I split the 210-item normalized data into a 180-item training set and a 30-item test set. I used the first 60 of each target class for training and the last 10 of each target class for testing. I didn’t use the test data but I wanted to have it for other types of problems such as multi-class classification.

I loaded the training data, used the data to create an LDA model, converted the data to its reduced form with two components, and then plotted the data. The graph shows that a couple of the Kama items (blue) fall into the Canadian (orange) data items. For example, the blue Kama dot at approximately x = 2.72, y = -0.04 (I put the mouse pointer over the dot) looks like it belongs to the orange Canadian group.
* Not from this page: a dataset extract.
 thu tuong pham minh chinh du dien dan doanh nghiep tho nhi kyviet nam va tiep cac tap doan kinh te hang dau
A next logical step would be to search the transformed points, get the index of the anomalous data point, then use the index to get the anomalous point full vector.
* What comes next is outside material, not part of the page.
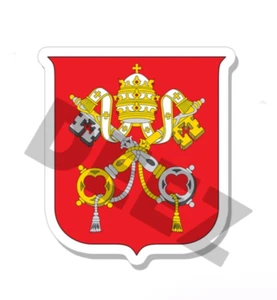 Pegatinas de vinilo escudo de armas de la Ciudad del Vaticano - bandera emblema escudo interior exterior - Imagen 1 de 2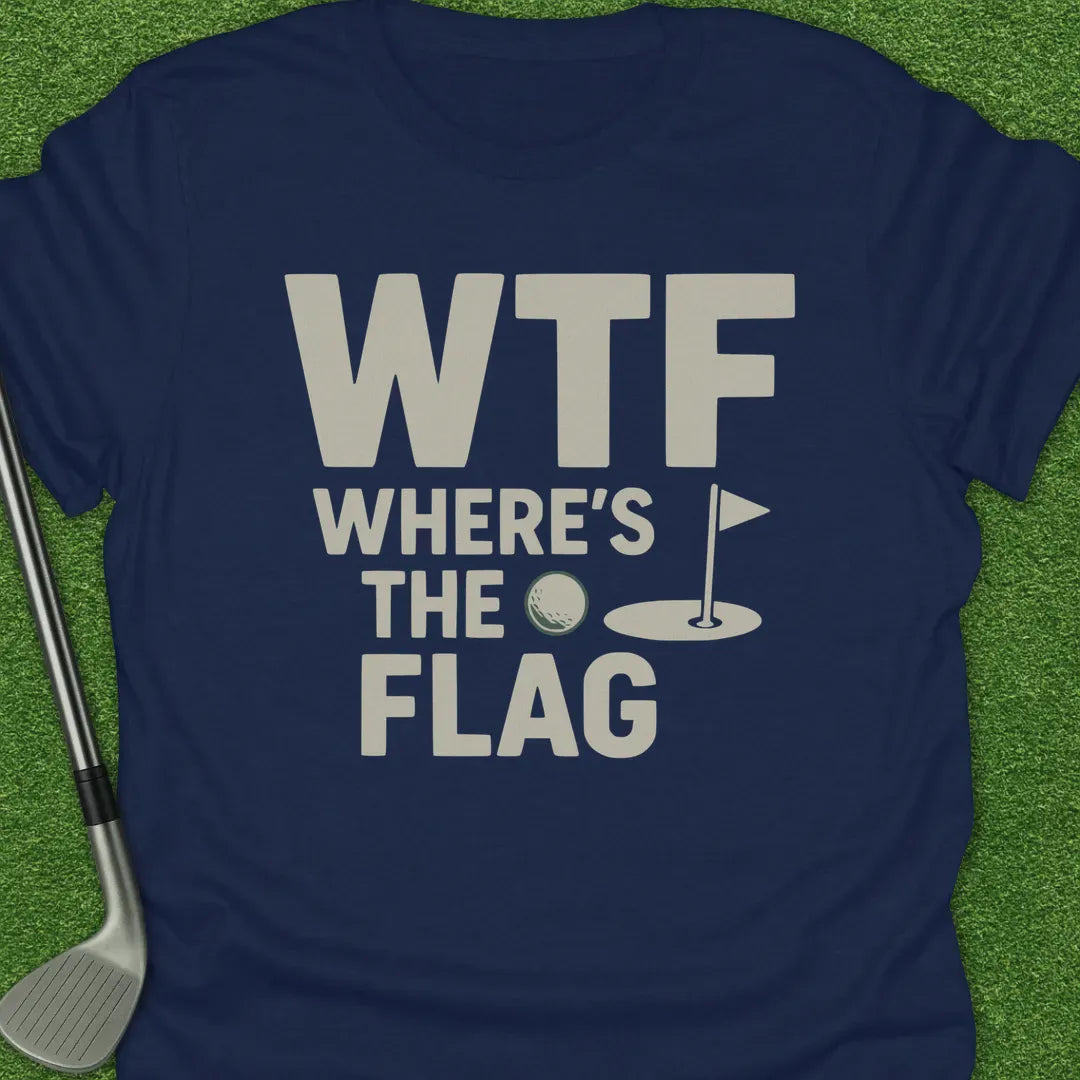 Navy / S Wtf Wheres The Flag T-Shirt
Well, doing dimensionality reduction using LDA was an interesting experiment. Maybe it’s not the most useful technique but I learned a few things and so I’m satisfied.

Actor Kerwin Mathews (1926-2007) is little remembered today but he starred in three old fantasy movies I like. Each movie features a character dimension reduction via special effects.

Left: In “The 7th Voyage of Sinbad” (1958), Matthews played Sinbad the Sailor and he rescued Princess Parisa who was shrunk by evil wizard Sokurah. Special effects by Ray Harryhausen.

Center: In “Jack the Giant Killer” (1962), Matthews played farmer Jack who rescues the Princess Elaine from the evil wizard Pendragon who used a puppet that was a giant in disguise. Special effects by Jim Danfort.

Right: In “The 3 Worlds of Gulliver” (1960), Matthews plays Lemuel Gulliver who is shipwrecked in Lilliput where everyone is tiny relative to him. Special effects by Ray Harryhausen.

Demo code. The data can be found at https://jamesmccaffrey.wordpress.com/2023/04/04/the-wheat-seeds-dataset-problem-using-pytorch/.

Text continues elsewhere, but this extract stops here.